### Exercise materials

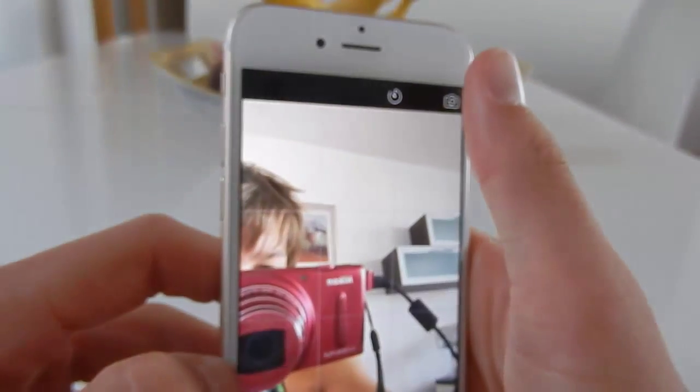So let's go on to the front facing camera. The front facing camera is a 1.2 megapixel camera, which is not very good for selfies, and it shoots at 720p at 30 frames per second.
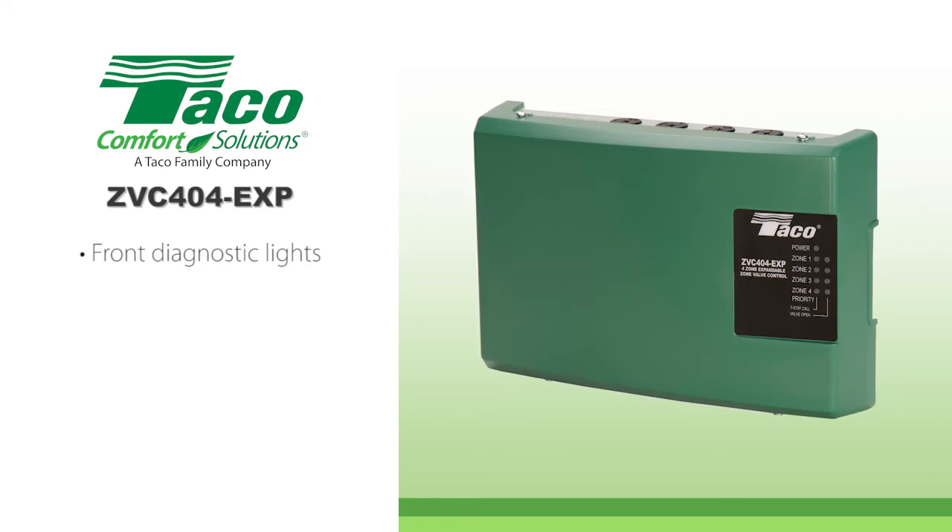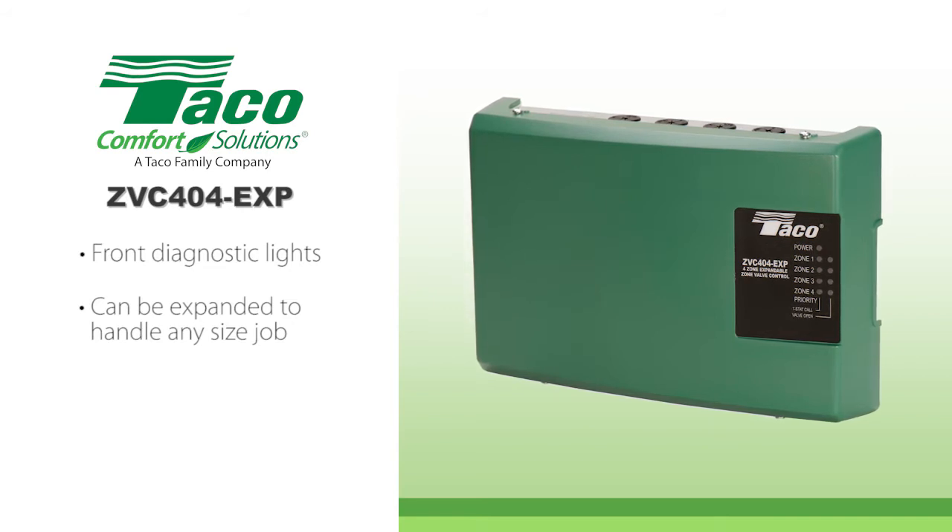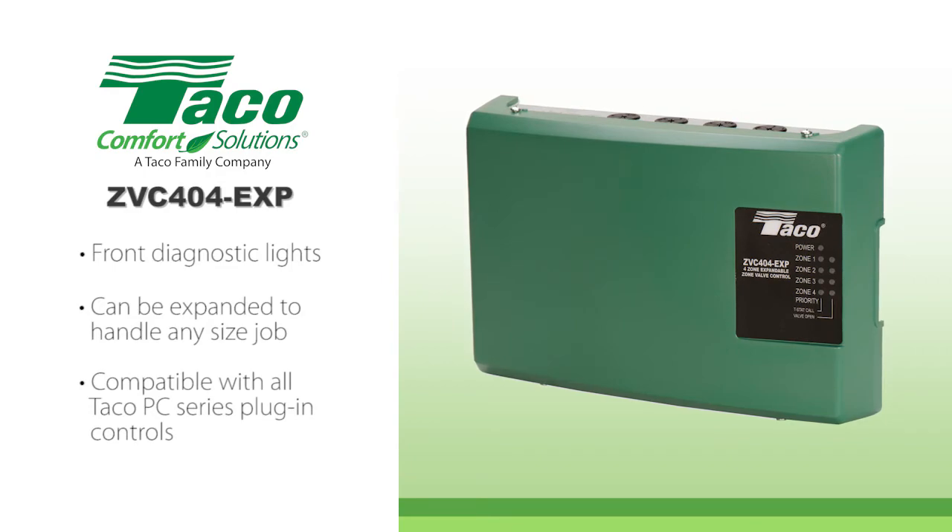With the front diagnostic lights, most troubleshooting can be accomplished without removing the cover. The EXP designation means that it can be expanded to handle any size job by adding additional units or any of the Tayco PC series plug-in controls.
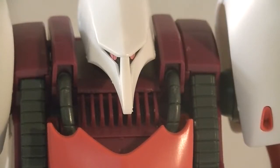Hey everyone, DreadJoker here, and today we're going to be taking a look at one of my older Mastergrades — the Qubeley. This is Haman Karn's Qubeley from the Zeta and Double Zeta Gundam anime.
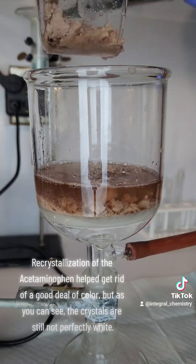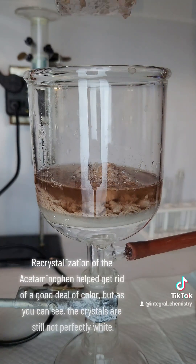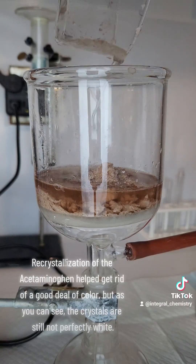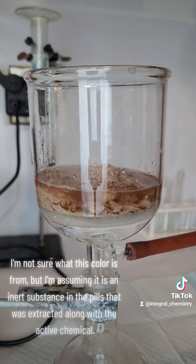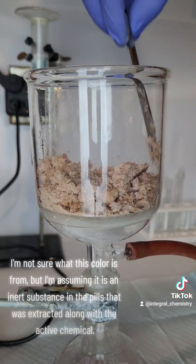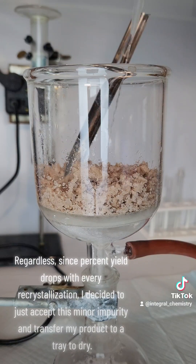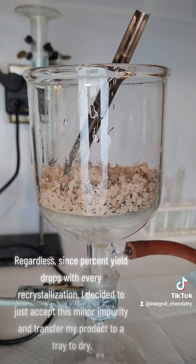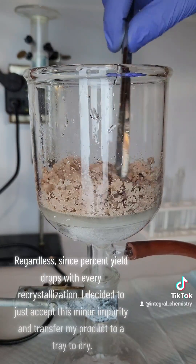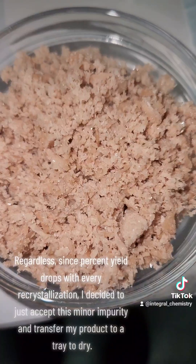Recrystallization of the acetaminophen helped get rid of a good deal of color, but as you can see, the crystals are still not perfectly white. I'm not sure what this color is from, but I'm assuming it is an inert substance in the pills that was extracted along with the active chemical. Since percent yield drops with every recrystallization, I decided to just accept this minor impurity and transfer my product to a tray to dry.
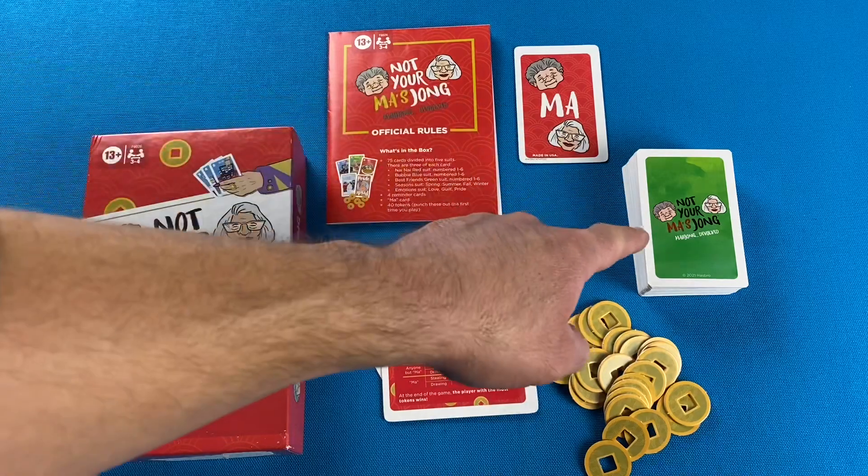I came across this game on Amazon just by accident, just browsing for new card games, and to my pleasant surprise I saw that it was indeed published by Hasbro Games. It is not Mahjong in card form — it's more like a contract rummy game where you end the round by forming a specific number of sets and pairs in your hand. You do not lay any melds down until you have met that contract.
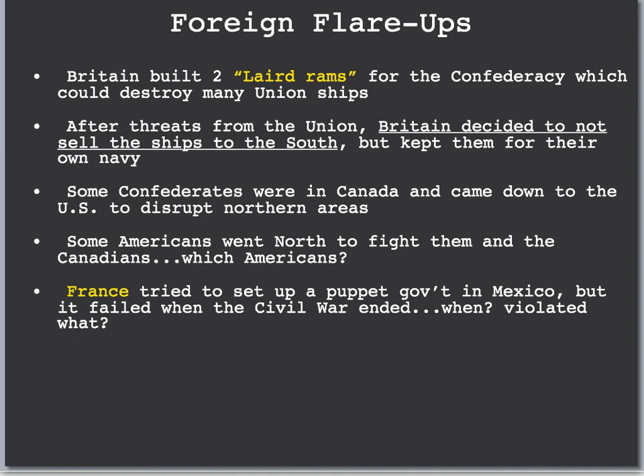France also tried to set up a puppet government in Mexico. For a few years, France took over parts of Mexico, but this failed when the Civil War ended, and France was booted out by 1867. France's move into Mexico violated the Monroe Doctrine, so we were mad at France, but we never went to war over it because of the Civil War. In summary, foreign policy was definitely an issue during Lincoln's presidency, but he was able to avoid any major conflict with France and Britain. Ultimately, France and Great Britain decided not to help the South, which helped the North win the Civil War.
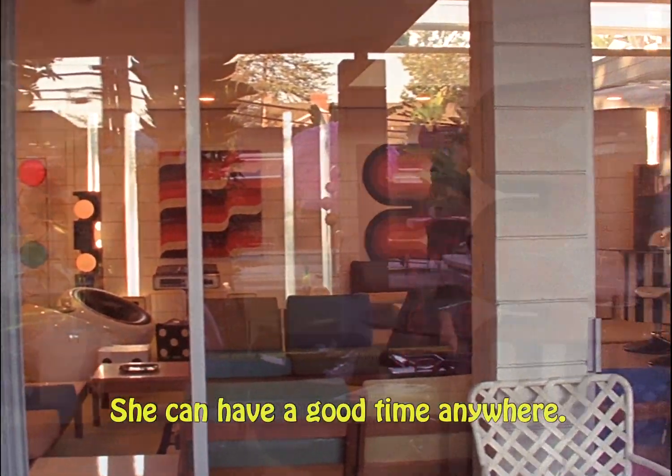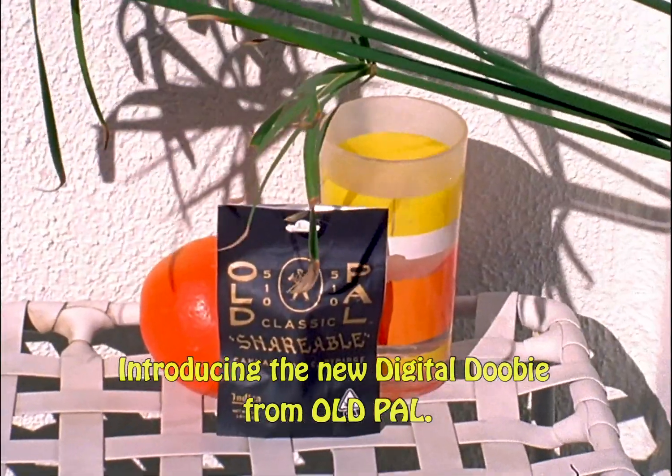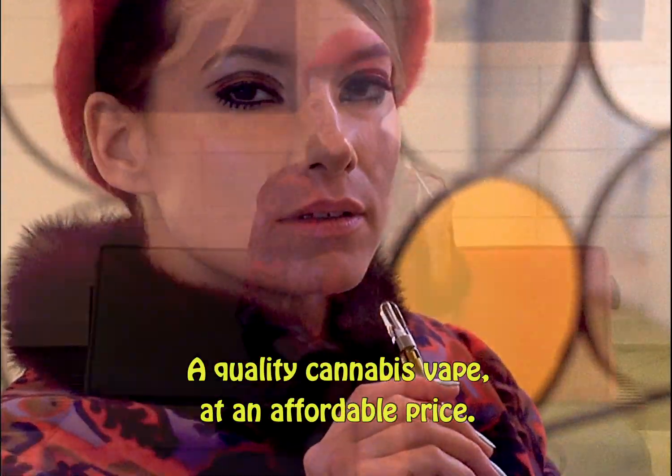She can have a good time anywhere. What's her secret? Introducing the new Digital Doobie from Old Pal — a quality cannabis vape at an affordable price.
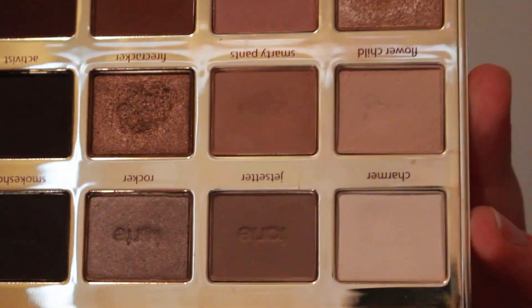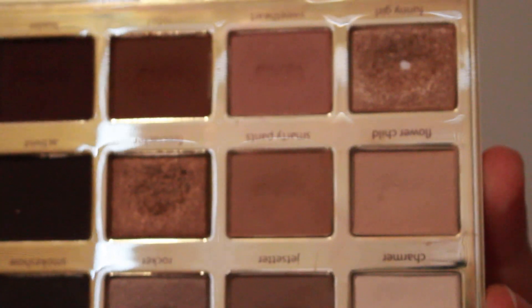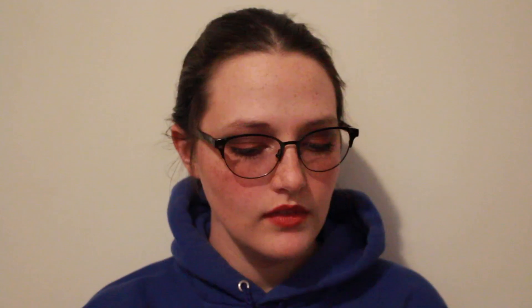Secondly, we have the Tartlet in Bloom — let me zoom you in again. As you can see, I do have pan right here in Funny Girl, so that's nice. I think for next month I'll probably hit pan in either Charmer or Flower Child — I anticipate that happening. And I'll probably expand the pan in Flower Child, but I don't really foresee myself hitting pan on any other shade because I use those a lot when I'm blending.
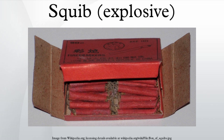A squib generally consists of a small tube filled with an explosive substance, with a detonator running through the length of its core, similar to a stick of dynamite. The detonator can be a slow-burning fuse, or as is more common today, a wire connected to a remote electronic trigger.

######

### [Directions for this task]
If pictures appear in the data, omit them and copy all other parts exactly.

### [Reply to the exercise]
So let's go on to the front facing camera. The front facing camera is a 1.2 megapixel camera, which is not very good for selfies, and it shoots at 720p at 30 frames per second.
With the front diagnostic lights, most troubleshooting can be accomplished without removing the cover. The EXP designation means that it can be expanded to handle any size job by adding additional units or any of the Tayco PC series plug-in controls.
Hey everyone, DreadJoker here, and today we're going to be taking a look at one of my older Mastergrades — the Qubeley. This is Haman Karn's Qubeley from the Zeta and Double Zeta Gundam anime.
Recrystallization of the acetaminophen helped get rid of a good deal of color, but as you can see, the crystals are still not perfectly white. I'm not sure what this color is from, but I'm assuming it is an inert substance in the pills that was extracted along with the active chemical. Since percent yield drops with every recrystallization, I decided to just accept this minor impurity and transfer my product to a tray to dry.
I came across this game on Amazon just by accident, just browsing for new card games, and to my pleasant surprise I saw that it was indeed published by Hasbro Games. It is not Mahjong in card form — it's more like a contract rummy game where you end the round by forming a specific number of sets and pairs in your hand. You do not lay any melds down until you have met that contract.
France also tried to set up a puppet government in Mexico. For a few years, France took over parts of Mexico, but this failed when the Civil War ended, and France was booted out by 1867. France's move into Mexico violated the Monroe Doctrine, so we were mad at France, but we never went to war over it because of the Civil War. In summary, foreign policy was definitely an issue during Lincoln's presidency, but he was able to avoid any major conflict with France and Britain. Ultimately, France and Great Britain decided not to help the South, which helped the North win the Civil War.
She can have a good time anywhere. What's her secret? Introducing the new Digital Doobie from Old Pal — a quality cannabis vape at an affordable price.
Secondly, we have the Tartlet in Bloom — let me zoom you in again. As you can see, I do have pan right here in Funny Girl, so that's nice. I think for next month I'll probably hit pan in either Charmer or Flower Child — I anticipate that happening. And I'll probably expand the pan in Flower Child, but I don't really foresee myself hitting pan on any other shade because I use those a lot when I'm blending.
A squib generally consists of a small tube filled with an explosive substance, with a detonator running through the length of its core, similar to a stick of dynamite. The detonator can be a slow-burning fuse, or as is more common today, a wire connected to a remote electronic trigger.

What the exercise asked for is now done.